In other words the Equality Act creates a positive right to equality as the starting point. While the Act sets out the right to pay equality, the provisions of the Act are supplemented by an Equal Pay Statutory Code of Practice38 to assist the parties in the implementation and enforcement of the right to pay equality. This approach has much to commend it because a frequent criticism of equal pay and pay equity legislation is that it is complicated and difficult to implement or enforce and for this reason the parties do not attempt it.

New Zealand since 2001 has also been developing a new approach to human rights that focuses on the right to equality. Under the 2001 Amendment to the Human Rights Act 1993 an Equal Employment Opportunities Commissioner was appointed with the function to “lead discussions of the Commission about equal employment opportunities (including pay equity). The Commission established the EEO Unit and in July 2003 began work with a review of the state of EEO in New Zealand. The review results were published in Framework for the Future: Equal Employment Opportunities in New Zealand39 The Report found that after a benchmarking exercise with the EEO experience of Australia, the United Kingdom, Canada, and the United States that New Zealand did not compare well in terms of EEO effectiveness. It recommended that a new approach be adopted that builds on past initiatives but developed a framework that ensured EEO becomes a reality for all members of the community and that everyone may “lead the lives they have reason to value”.40

The Human Rights Commission project entitled What Next: National Conversation about Work41 and the Census of Women’s Participation42 have also made a number of recommendations about making progress towards equality, including equality in the workplace. During the National Conversation about Work project the Human Rights Commission visited 16 regions of New Zealand and talked to thousands of New Zealanders about what constitutes good work and what makes for decent workplaces. They identified how work can be improved to increase productivity and profitability and at the same time enhance family life, and community well being. The material gathered by the Human Rights Commission recommended strengthening the Equal Pay Act 1972 to include equal pay for work of equal value. At a Pay and Employment Equity Roundtable organised by the Human Rights Commission in 2009, the need to review the Equal Pay Act 1972 was acknowledged and that the review needed to reflect the changes that have taken place since 1972.

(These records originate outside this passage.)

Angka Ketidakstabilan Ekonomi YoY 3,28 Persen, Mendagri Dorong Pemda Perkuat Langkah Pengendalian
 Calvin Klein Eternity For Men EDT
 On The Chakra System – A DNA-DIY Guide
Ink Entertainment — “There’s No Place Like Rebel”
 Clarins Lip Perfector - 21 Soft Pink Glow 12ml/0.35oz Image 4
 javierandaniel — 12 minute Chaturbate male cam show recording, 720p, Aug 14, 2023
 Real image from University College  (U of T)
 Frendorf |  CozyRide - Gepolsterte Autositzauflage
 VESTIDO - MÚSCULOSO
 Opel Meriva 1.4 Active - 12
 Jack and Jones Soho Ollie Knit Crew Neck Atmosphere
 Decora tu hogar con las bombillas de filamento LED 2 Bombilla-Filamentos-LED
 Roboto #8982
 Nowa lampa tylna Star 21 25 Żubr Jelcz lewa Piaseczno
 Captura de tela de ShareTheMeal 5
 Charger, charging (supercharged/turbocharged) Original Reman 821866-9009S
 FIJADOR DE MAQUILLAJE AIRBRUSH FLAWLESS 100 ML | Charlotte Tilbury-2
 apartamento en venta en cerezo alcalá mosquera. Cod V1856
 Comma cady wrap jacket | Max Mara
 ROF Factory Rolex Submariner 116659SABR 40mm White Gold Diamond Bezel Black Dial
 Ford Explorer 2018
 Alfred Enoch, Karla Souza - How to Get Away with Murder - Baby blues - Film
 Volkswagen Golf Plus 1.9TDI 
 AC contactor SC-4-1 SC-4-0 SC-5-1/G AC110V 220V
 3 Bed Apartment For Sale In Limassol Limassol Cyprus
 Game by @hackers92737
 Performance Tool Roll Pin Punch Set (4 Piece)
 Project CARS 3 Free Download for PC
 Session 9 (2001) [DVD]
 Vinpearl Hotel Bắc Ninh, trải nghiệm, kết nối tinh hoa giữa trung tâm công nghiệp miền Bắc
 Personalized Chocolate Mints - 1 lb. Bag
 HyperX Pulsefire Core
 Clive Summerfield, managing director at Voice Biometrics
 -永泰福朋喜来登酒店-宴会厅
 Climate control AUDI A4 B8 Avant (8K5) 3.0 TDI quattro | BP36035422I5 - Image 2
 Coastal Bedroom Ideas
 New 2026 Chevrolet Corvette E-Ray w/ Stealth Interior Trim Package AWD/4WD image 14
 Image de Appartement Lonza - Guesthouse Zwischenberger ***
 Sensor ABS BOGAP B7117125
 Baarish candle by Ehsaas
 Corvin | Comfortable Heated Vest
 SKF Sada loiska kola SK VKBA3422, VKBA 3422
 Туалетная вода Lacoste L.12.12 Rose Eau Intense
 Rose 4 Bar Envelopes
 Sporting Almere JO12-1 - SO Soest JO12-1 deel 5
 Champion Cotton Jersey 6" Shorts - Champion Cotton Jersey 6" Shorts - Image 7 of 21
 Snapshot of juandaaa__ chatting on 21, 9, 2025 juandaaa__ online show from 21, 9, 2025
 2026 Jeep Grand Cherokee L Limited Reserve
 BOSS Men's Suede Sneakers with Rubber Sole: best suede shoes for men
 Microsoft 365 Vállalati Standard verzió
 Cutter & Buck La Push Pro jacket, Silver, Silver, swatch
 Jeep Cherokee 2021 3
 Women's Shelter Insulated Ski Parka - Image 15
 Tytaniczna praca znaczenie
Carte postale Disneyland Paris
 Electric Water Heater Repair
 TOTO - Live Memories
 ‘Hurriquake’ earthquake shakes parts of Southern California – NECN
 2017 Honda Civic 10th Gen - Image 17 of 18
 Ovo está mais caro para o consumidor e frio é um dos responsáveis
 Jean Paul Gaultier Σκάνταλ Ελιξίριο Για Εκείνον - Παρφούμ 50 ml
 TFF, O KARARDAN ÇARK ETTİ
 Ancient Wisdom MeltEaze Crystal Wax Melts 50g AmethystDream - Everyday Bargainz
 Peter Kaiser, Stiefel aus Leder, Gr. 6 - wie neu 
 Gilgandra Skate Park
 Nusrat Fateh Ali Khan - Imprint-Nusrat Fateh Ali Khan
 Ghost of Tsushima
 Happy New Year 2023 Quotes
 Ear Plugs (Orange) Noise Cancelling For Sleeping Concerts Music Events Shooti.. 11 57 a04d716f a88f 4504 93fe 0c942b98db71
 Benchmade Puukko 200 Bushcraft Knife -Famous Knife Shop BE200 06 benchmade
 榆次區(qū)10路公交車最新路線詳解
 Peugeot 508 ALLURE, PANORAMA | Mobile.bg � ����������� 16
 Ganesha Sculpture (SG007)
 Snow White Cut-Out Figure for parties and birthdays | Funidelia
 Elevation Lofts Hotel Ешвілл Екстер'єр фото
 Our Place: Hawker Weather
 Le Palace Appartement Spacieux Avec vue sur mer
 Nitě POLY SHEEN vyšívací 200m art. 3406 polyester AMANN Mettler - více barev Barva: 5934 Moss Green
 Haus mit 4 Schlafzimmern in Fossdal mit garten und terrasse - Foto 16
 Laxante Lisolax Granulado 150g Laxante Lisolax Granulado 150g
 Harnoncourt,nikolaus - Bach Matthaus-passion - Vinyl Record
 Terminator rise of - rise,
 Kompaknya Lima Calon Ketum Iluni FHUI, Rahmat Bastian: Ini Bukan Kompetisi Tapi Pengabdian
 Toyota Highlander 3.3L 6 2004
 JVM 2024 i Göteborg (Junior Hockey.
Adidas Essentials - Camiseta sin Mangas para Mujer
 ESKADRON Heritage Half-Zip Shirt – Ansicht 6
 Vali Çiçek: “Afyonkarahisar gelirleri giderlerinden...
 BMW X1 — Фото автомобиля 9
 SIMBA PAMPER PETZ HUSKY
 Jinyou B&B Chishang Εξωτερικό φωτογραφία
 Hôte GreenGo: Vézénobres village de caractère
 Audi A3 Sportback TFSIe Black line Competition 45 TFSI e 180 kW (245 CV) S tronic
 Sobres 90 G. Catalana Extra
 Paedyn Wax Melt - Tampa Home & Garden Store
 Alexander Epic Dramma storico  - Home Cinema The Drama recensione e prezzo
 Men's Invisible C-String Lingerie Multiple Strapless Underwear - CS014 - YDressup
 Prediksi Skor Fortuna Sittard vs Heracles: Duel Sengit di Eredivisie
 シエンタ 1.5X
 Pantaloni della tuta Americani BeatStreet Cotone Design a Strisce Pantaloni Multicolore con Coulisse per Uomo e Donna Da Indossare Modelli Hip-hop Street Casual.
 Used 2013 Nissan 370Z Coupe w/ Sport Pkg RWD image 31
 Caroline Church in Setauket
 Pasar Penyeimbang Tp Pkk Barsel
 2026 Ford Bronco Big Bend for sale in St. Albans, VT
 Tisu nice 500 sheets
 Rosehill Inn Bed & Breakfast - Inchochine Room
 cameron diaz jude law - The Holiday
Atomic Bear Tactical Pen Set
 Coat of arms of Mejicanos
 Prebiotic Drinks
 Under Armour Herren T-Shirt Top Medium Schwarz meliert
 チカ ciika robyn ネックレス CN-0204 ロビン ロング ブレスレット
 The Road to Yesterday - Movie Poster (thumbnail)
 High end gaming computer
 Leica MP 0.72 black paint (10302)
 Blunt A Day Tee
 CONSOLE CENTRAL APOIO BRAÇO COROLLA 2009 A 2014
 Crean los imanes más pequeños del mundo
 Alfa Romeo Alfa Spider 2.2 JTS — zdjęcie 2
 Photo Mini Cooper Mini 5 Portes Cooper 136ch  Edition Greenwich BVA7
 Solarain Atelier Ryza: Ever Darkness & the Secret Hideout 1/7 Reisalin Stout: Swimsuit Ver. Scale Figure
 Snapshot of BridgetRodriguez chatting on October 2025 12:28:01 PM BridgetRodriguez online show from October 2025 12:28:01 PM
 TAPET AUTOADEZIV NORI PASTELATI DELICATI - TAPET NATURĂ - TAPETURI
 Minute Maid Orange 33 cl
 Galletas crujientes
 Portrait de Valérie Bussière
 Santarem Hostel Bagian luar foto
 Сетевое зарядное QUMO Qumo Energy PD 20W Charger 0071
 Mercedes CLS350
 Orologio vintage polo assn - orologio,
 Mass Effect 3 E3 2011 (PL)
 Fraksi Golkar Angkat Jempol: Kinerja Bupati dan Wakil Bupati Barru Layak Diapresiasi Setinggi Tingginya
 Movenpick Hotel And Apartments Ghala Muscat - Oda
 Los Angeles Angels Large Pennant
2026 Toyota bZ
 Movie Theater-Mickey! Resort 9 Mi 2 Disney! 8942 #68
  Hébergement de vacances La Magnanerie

If progress is to be made on pay equality then a new approach to the statutory framework is required. The human rights approach is not entirely new as the Human Rights Act recognises the right to be free from discrimination on the grounds of sex in employment matters. New Zealand and overseas experience has shown, however, that the evidential burden on the complainant has been a major obstacle to pursuing a complaint. The shift in focus to a positive right to pay equality is an attempt to remove this obstacle by ensuring the information about rates of pay is enforceable through the Department of Labour Inspectorate and made available to the Authority when a complaint is filed. The move to a positive right to pay equality is logically the appropriate development when it has been legally acknowledged that women have a right to be paid equally. New Zealand has ratified the ILO Convention No. 100 Equal Remuneration and enacted both the Equal Pay Act and the Human Rights Act. The issue is not whether there is such a right but how to provide the most effective legal regime to ensure the right is implemented and enforced.

The attached draft provides a framework for a new Act to replace the 1972 Equal Pay Act. The draft is intended to indicate the approach that should be taken when new legislation is drafted. It is acknowledged that more detail will be required in any new Act but at this stage it is important to identify the principled policy approach that needs to be taken. The Pay Equality Bill is similar to the United Kingdom Equality Act 2010 in that it establishes a right to pay equality. This right is stated without the need to first identify there has been discrimination. The Bill assumes all pay is equal between men and women and that all pay systems have been subject to the Gender-Inclusive Job Evaluation Standard.43 The effect of this is that the onus shifts from the individual employee to the employer to prove there is pay equality in the workplace.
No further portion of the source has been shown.